I assume your question is based on the rotating Earth?Summary: I have read that depending on your distance from a gravitational source your flow of time is different.
I read that just a few feet difference in height would show a different rate of time and that was measurable. However, If the clock that is at a more elevated position it will be traveling through more space, is that what is responsible for the difference in the rate of time for that clock? I understand that clocks at different heights from the earths gravity field do experience different rates of the flow of time. I wish to know what is the cause of this difference.
On a non-rotating planet, a higher clock (at rest relative to the surface of the planet) would always tick faster than a lower clock, pre-supposing one has the usual synchronization scheme so that we can talk about comparing clock rates at all.
By "at rest", I basically mean having a constant latitude and lognitude relative to the surface of the planet.

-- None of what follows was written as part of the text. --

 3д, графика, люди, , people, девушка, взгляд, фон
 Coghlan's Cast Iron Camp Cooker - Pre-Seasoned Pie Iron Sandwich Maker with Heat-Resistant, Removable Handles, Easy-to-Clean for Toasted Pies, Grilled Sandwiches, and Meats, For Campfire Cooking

On a rotating planet, if we assume that the clock is still at rest relative to the surface of the planet by keeping a constant lattitude and longitude, there may be an additional effect that counters this. This effect goes in the opposite direction if it is present, and may even become large enough to counter the first effect if the altitude is high enough.
The opposing effect will be largest for a clock on the equator, and totally absent for a clock at the poles.
It's possible to be more quantitative, but the original question wasn't phrased very precisely to I think this may be an adequate answer. Assuming I have guessed the question correctly, of course.